X: torch.Size([64, 500]) , y: torch.Size([64])
# batches: 391

Putting it altogether.

In [11]:

def load_data_imdb(batch_size, num_steps=500):
    data_dir = download_extract("aclImdb", "aclImdb")
    train_data = read_imdb(data_dir, True)
    test_data = read_imdb(data_dir, False)
    train_tokens = tokenize(train_data[0], token="word")
    test_tokens = tokenize(test_data[0], token="word")
    vocab = Vocab(train_tokens, min_freq=5)
    train_features = torch.tensor([truncate_pad(vocab[line], num_steps, vocab["<pad>"]) for line in train_tokens])
    test_features = torch.tensor([truncate_pad(vocab[line], num_steps, vocab["<pad>"]) for line in test_tokens])
    train_iter = load_array((train_features, torch.tensor(train_data[1])), batch_size)
    test_iter = load_array((test_features, torch.tensor(test_data[1])), batch_size, is_train=False)
    return train_iter, test_iter, vocab

In [12]:

batch_size = 64
train_iter, test_iter, vocab = load_data_imdb(batch_size)

Model

We create a biRNN, so the t'th word has a representation of size 2*h, where h is the number of hidden layers in each direction. The representation of the sentence is the concatenation of the representation of the first and last word. This is mapped to a binary output label.

In [13]:

class BiRNN(nn.Module):
    def __init__(self, vocab_size, embed_size, num_hiddens, num_layers, **kwargs):
        super(BiRNN, self).__init__(**kwargs)
        self.embedding = nn.Embedding(vocab_size, embed_size)
        # Set `bidirectional` to True to get a bidirectional recurrent neural
        # network
        self.encoder = nn.LSTM(embed_size, num_hiddens, num_layers=num_layers, bidirectional=True)
        self.decoder = nn.Linear(4 * num_hiddens, 2)

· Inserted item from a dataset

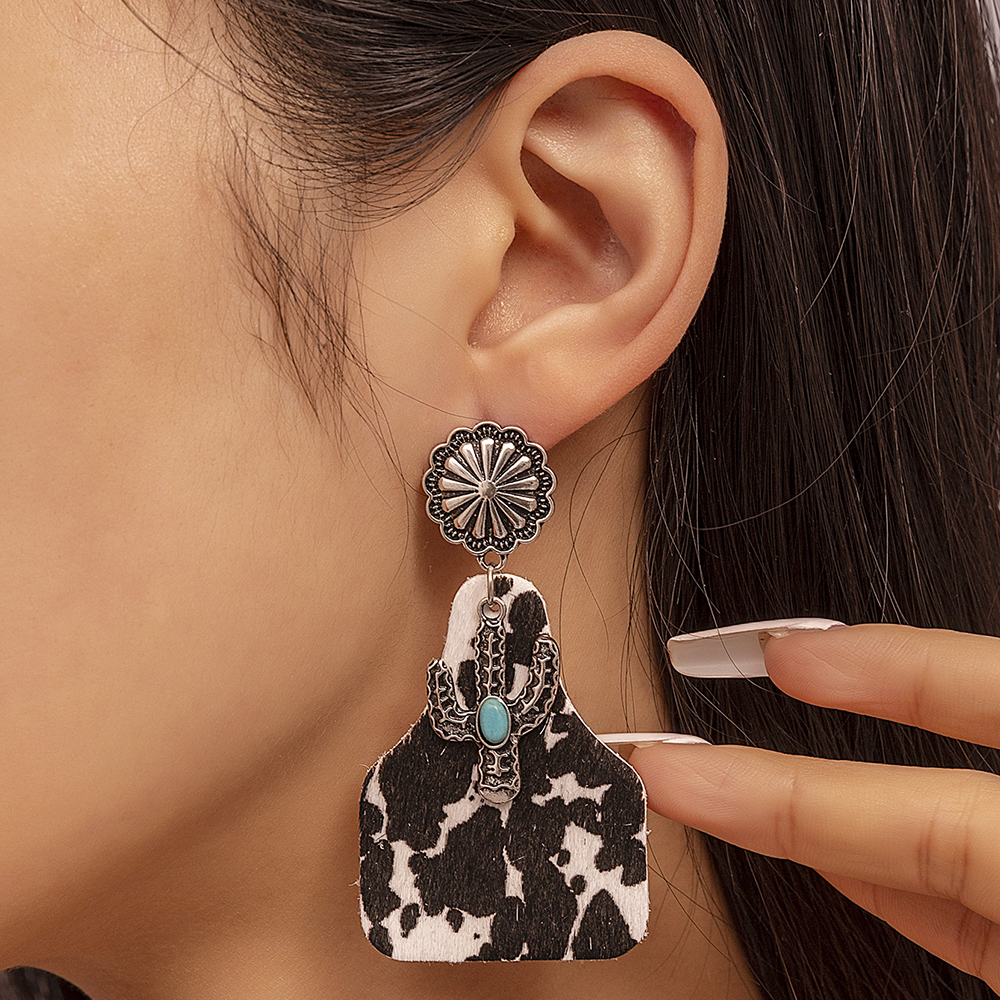 Casual Vacation Cactus Horns Leopard Alloy Wood Slice Inlay Artificial Gemstones Women's Ear Hook display picture 2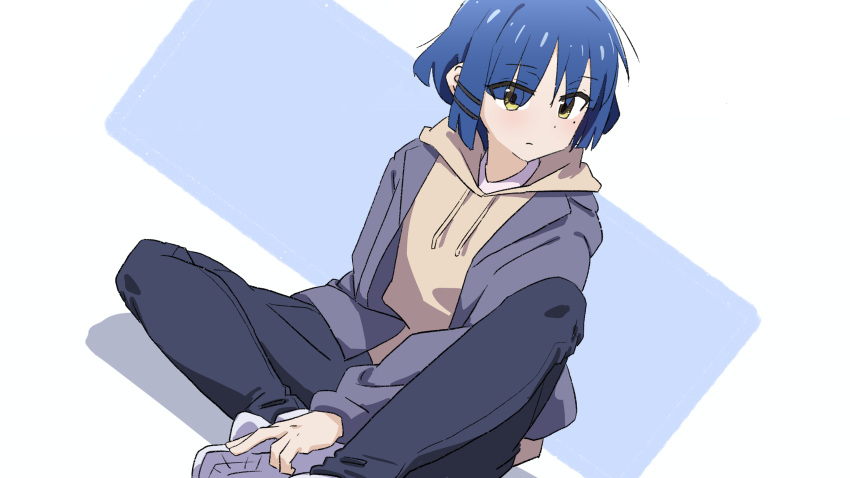1girl absurdres blazer blue_hair blue_pants bob_cut bocchi_the_rock! closed_mouth grey_jacket highres hood hood_down hoodie jacket light_blush long_sleeves looking_to_the_side oekakiism open_clothes open_jacket pants raised_eyebrows shirt shoes sitting sneakers solo translation_request white_footwear white_shirt yamada_ryo yellow_eyes yellow_hoodie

    def forward(self, inputs):
        # The shape of `inputs` is (batch size, no. of words). Because LSTM
        # needs to use sequence as the first dimension, the input is
        # transformed and the word feature is then extracted. The output shape
        # is (no. of words, batch size, word vector dimension).
        embeddings = self.embedding(inputs.T)
        # Since the input (embeddings) is the only argument passed into
        # nn.LSTM, both h_0 and c_0 default to zero.
        # we only use the hidden states of the last hidden layer
        # at different time step (outputs). The shape of `outputs` is
        # (no. of words, batch size, 2 * no. of hidden units).
        self.encoder.flatten_parameters()
        outputs, _ = self.encoder(embeddings)
        # Concatenate the hidden states of the initial time step and final
        # time step to use as the input of the fully connected layer. Its
        # shape is (batch size, 4 * no. of hidden units)
        encoding = torch.cat((outputs[0], outputs[-1]), dim=1)
        outs = self.decoder(encoding)
        return outs

In [14]:

def try_all_gpus():
    """Return all available GPUs, or [cpu(),] if no GPU exists."""
    devices = [torch.device(f"cuda:{i}") for i in range(torch.cuda.device_count())]
    return devices if devices else [torch.device("cpu")]


def try_gpu(i=0):
    """Return gpu(i) if exists, otherwise return cpu()."""
    if torch.cuda.device_count() >= i + 1:
        return torch.device(f"cuda:{i}")
    return torch.device("cpu")

Example.

In [15]:

embed_size, num_hiddens, num_layers, devices = 100, 100, 2, try_all_gpus()
net = BiRNN(len(vocab), embed_size, num_hiddens, num_layers)


def init_weights(m):
    if type(m) == nn.Linear:
        nn.init.xavier_uniform_(m.weight)
    if type(m) == nn.LSTM:
        for param in m._flat_weights_names:
            if "weight" in param:
                nn.init.xavier_uniform_(m._parameters[param])


net.apply(init_weights);

In [16]:

net

Out[16]:

BiRNN(
  (embedding): Embedding(49346, 100)
  (encoder): LSTM(100, 100, num_layers=2, bidirectional=True)
  (decoder): Linear(in_features=400, out_features=2, bias=True)
)

Because we have a small training set, we use pre-trained GloVE word embeddings of dimension 100.

In [17]:

class TokenEmbedding:
    """Token Embedding."""

    def __init__(self, embedding_name):
        self.idx_to_token, self.idx_to_vec = self._load_embedding(embedding_name)
        self.unknown_idx = 0
        self.token_to_idx = {token: idx for idx, token in enumerate(self.idx_to_token)}

    def _load_embedding(self, embedding_name):
        idx_to_token, idx_to_vec = ["<unk>"], []
        data_dir = download_extract(embedding_name)
        # GloVe website: https://nlp.stanford.edu/projects/glove/
        # fastText website: https://fasttext.cc/
        with open(os.path.join(data_dir, "vec.txt"), "r") as f:
            for line in f:
                elems = line.rstrip().split(" ")
                token, elems = elems[0], [float(elem) for elem in elems[1:]]
                # Skip header information, such as the top row in fastText
                if len(elems) > 1:
                    idx_to_token.append(token)
                    idx_to_vec.append(elems)
        idx_to_vec = [[0] * len(idx_to_vec[0])] + idx_to_vec
        return idx_to_token, torch.tensor(idx_to_vec)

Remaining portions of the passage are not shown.